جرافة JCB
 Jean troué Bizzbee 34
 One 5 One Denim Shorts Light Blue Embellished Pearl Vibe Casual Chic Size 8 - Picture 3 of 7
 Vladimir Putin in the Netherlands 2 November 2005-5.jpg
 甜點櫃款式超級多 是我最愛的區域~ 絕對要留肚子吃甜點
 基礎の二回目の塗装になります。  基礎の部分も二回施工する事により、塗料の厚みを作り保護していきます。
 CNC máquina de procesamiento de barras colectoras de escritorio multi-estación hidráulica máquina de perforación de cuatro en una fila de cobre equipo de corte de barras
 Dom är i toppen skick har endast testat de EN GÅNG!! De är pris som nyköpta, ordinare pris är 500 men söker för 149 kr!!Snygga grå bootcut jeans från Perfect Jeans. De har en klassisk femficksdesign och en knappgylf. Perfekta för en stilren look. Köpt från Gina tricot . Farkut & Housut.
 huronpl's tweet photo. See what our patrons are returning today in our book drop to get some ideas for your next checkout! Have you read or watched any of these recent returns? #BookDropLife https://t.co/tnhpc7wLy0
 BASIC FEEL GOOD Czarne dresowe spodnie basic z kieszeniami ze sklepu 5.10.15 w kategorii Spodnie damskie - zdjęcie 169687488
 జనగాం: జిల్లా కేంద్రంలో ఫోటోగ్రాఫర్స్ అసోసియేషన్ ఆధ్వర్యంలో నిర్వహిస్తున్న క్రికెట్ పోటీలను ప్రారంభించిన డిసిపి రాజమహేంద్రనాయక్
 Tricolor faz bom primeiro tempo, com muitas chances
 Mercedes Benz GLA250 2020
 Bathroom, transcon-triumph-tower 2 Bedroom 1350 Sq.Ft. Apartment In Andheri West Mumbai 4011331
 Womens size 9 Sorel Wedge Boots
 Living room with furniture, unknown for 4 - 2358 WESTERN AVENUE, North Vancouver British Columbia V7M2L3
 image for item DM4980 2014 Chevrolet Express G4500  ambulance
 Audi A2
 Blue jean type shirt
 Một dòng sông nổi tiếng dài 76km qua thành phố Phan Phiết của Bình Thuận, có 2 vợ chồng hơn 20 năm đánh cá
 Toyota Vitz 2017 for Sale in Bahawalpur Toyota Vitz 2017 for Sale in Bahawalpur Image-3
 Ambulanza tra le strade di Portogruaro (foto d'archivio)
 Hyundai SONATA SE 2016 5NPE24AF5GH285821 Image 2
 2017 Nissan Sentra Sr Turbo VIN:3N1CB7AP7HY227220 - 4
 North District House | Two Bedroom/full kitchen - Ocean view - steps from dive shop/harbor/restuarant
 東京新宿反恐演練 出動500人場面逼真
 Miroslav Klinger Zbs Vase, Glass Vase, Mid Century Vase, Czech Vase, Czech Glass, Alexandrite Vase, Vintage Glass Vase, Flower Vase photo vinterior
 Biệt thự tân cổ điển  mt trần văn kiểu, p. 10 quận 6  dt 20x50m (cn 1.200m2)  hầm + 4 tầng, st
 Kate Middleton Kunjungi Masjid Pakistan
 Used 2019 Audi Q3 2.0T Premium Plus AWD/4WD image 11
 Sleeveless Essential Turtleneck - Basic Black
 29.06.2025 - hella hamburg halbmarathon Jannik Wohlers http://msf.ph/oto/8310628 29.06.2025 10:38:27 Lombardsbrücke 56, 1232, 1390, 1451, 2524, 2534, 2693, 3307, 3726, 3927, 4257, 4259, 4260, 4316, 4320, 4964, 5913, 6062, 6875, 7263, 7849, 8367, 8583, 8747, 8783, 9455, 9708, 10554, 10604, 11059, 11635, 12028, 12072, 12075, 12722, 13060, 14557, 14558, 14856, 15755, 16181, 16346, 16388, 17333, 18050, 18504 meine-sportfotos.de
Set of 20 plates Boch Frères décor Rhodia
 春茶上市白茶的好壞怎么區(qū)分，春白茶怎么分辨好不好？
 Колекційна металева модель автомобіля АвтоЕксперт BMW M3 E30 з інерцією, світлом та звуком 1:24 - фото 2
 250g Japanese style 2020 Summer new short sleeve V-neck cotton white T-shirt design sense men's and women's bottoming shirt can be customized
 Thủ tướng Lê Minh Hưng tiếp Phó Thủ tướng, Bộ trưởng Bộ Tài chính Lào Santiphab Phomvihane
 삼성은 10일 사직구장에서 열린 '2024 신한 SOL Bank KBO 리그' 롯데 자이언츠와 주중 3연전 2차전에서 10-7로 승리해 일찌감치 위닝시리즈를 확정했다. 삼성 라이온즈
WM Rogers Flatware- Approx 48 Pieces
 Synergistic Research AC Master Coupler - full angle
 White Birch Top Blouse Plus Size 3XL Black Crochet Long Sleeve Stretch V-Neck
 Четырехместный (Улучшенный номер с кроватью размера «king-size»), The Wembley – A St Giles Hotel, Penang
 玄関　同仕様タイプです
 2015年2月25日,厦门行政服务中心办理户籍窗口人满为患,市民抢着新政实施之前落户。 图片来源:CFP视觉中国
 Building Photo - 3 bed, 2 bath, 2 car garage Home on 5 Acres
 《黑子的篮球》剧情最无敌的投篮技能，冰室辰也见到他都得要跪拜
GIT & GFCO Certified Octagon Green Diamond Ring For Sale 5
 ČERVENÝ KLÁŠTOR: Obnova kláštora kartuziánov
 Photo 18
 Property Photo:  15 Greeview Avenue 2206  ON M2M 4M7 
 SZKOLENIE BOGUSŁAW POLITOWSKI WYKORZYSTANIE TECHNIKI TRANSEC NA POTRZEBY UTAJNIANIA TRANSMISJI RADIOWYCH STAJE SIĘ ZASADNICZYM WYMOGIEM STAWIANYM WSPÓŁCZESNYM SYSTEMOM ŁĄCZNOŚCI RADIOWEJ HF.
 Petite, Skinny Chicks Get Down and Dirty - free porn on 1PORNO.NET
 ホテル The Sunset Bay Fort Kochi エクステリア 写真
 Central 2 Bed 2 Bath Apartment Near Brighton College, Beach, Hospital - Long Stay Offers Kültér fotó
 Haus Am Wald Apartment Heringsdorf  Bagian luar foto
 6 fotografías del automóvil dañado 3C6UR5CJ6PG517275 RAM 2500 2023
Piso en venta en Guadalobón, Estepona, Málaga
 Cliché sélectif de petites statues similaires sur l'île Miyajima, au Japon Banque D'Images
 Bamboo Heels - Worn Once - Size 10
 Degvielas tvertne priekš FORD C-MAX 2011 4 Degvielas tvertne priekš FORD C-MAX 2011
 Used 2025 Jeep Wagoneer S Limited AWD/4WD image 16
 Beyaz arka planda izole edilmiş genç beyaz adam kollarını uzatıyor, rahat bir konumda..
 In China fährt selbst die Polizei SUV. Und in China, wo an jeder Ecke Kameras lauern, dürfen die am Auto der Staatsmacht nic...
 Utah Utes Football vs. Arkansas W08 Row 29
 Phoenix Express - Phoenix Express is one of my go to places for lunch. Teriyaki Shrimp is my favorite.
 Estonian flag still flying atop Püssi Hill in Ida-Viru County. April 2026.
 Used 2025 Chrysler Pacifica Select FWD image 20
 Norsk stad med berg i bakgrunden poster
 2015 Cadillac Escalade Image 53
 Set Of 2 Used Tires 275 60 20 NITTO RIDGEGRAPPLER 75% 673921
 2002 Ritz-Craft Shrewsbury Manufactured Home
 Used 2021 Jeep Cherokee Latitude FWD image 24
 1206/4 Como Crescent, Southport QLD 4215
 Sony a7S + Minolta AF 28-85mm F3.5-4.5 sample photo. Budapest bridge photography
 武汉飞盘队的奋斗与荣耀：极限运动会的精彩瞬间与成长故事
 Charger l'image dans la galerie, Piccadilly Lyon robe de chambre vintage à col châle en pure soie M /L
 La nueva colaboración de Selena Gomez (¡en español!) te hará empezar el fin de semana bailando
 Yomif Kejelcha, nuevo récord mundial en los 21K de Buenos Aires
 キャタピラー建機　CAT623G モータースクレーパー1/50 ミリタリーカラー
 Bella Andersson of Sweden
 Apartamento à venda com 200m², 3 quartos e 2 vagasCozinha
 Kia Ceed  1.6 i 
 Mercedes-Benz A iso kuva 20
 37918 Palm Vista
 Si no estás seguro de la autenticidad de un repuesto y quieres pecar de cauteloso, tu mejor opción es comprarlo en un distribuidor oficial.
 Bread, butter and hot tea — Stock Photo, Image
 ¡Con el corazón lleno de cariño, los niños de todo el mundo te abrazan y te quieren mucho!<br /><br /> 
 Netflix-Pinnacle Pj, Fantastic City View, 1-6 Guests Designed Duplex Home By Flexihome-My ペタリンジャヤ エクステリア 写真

HOW TO COMPLETE THIS TASK:
The range runs from the line with "キャタピラー建機　CAT623G モータースクレーパー1/50 ミリタリーカラー" to the last line of the entries above, both included. Restate it word for word.

SOLUTION TO THIS PROBLEM:
 キャタピラー建機　CAT623G モータースクレーパー1/50 ミリタリーカラー
 Bella Andersson of Sweden
 Apartamento à venda com 200m², 3 quartos e 2 vagasCozinha
 Kia Ceed  1.6 i 
 Mercedes-Benz A iso kuva 20
 37918 Palm Vista
 Si no estás seguro de la autenticidad de un repuesto y quieres pecar de cauteloso, tu mejor opción es comprarlo en un distribuidor oficial.
 Bread, butter and hot tea — Stock Photo, Image
 ¡Con el corazón lleno de cariño, los niños de todo el mundo te abrazan y te quieren mucho!<br /><br /> 
 Netflix-Pinnacle Pj, Fantastic City View, 1-6 Guests Designed Duplex Home By Flexihome-My ペタリンジャヤ エクステリア 写真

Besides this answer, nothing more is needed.